Na pewno jesteś zdrowa,tylko my tak mamy,faceci obok nas robią wiele złego i nie zadają sobie takiego pytania,my natomiast tak,bo jesteśmy poranione przez zycie w toksycznych związkach stąd te wątpliwości i niska samoocena,na pytanie czy odejść?,trudno odpowiedzieć jednoznacznie,ja to zrobiłam i teraz po prostu żałuję,nie udało mi się przez kilka lat spotkać kogoś właściwego,gdy pojawiała się nadzieja to szybko znajomość się kończyła,gdybym wiedziała jak trudno jest ułożyć sobie życie na nowo to zostałabym w poprzedniej sytuacji,przynajmniej była mi znana a teraz?,jestem bardzo samotna,zdołowana,ale do sądu poleciałam szybko i chyba niepotrzebnie,ale wtedy myślałam,że spotkam jakiegoś fajnego faceta,niestety,fajni są w zwiążkach a ci wolni to tacy,których kobiety powyrzucały z domu bo piją,biją itp. i o czym tu mówić?,wstyd się przyznać do głupich decyzji.
Jak Cię facet nie szanuje to lepiej go zostaw.

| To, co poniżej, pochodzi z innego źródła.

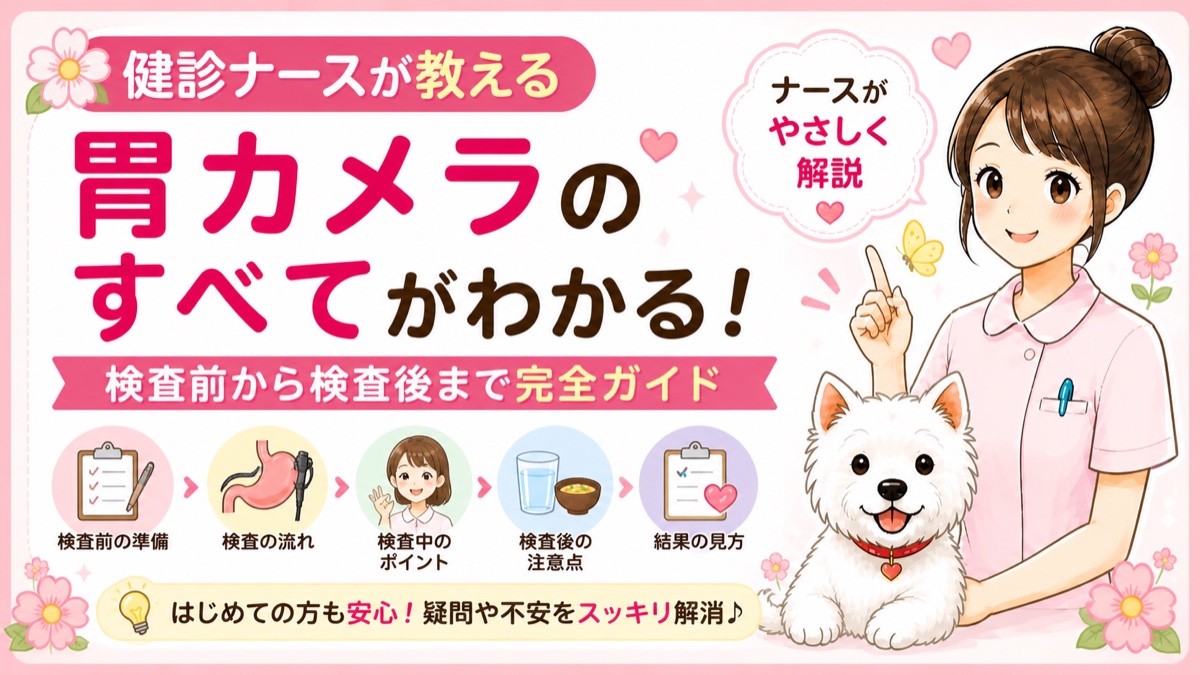 【完全版】胃カメラのすべてがわかる！検査前から結果まで、現役ナースが徹底解説🌸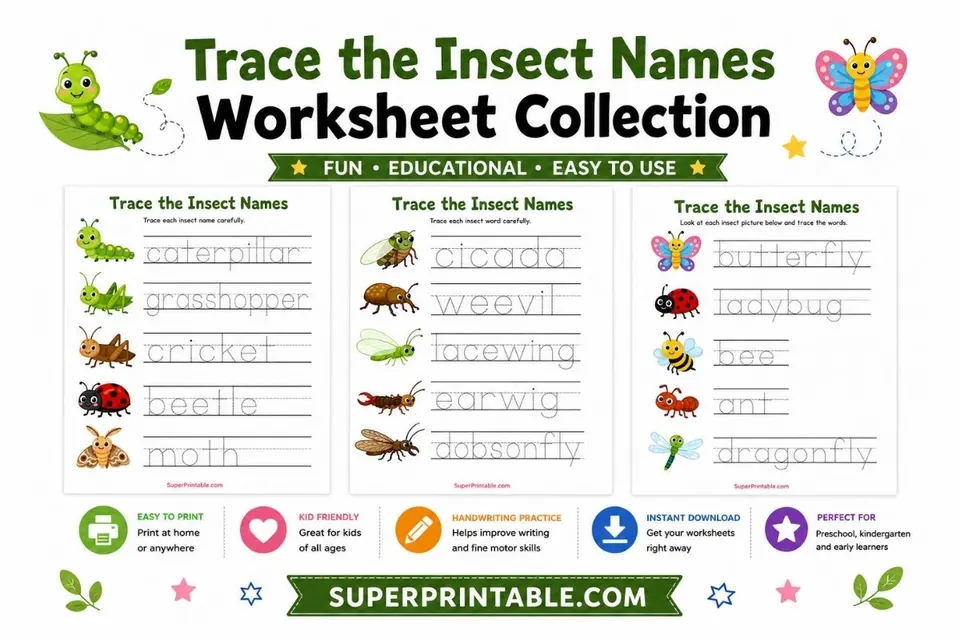 Trace the Insect Names Worksheet Feature Image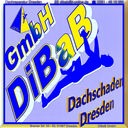 Dachschaden | Dresden | DiBaB GmbH Die Bergsteiger am Bau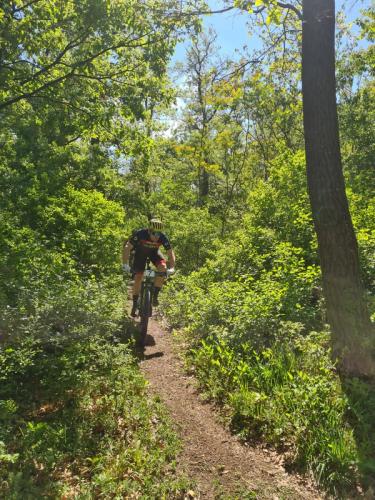 Mountainbike im Mörbisch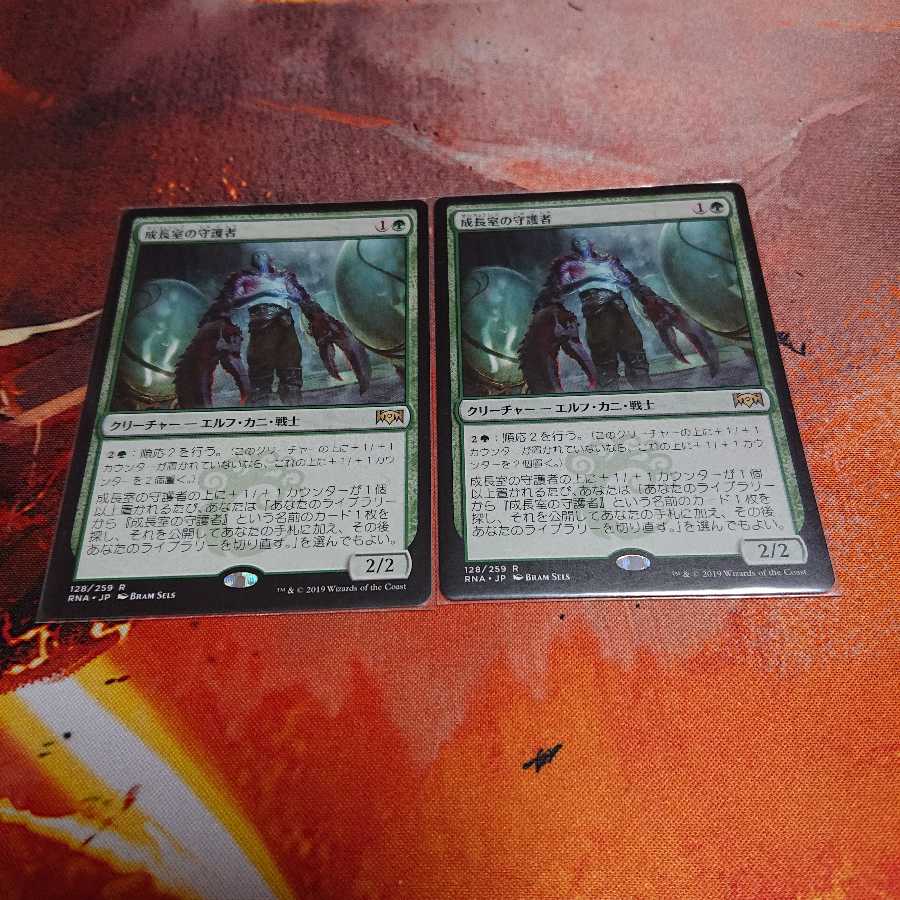 成長室の守護者2枚セット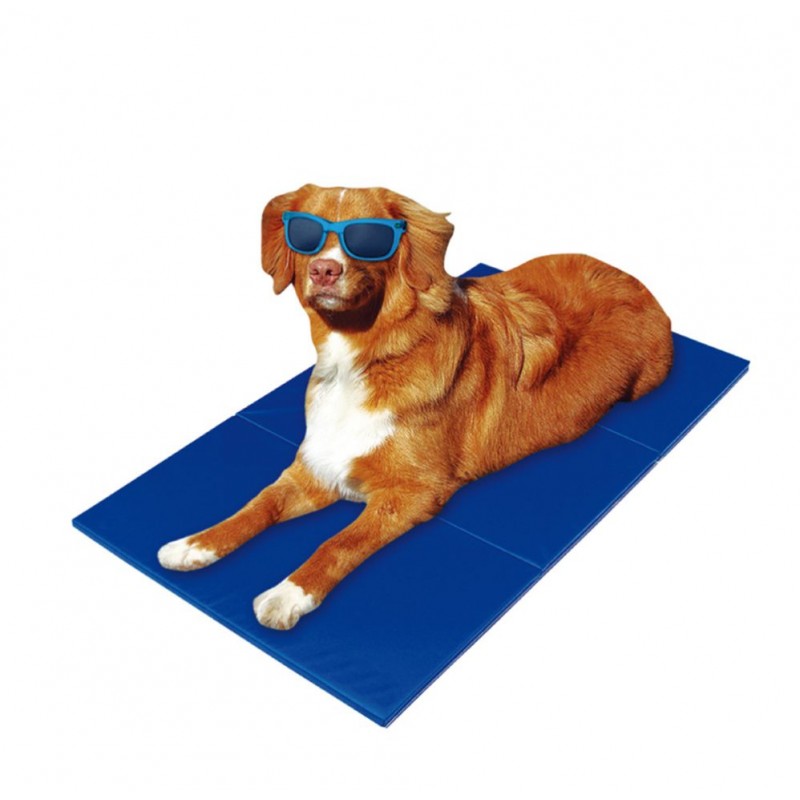 ΔΡΟΣΙΣΤΙΚΟ ΣΤΡΩΜΑ ΓΙΑ ΣΚΥΛΟΥΣ 90x50cm SD-2621 HOBBY > PETSHOP > ΜΑΞΙΛΑΡΕΣ/ΚΡΕΒΑΤΙΑ/BOX ΜΕΤΑΦΟΡΑΣ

Twoje dzieci na to patrzą
Dla mnie to nie jest zdrowe zdradzając partnera z kolejnym już facetem i skakać z kwiatka na kwiatek . Powinnaś pomyśleć o dzieciach i stworzyć im stabilny dom nie koniecznie uczepiać się jak bluszcz jakiegoś faceta. Partner Cię nie szanuje ale pomyśl czy ty się sama też szanujesz? Zdradzasz go z kim popadnie to pewnie nie ma do ciebie szacunku ale zamiast tkwić w takim układzie powinien Cię zostawić.
Odpowiedz sobie na podstawowe pytanie mianowicie co jest dla Ciebie w życiu najważniejsze. Jeśli jest to seks z innymi to nie wiąż się z nikim bo będziesz krzywdzić kolejne osoby patrząc tylko na swoją satysfakcję.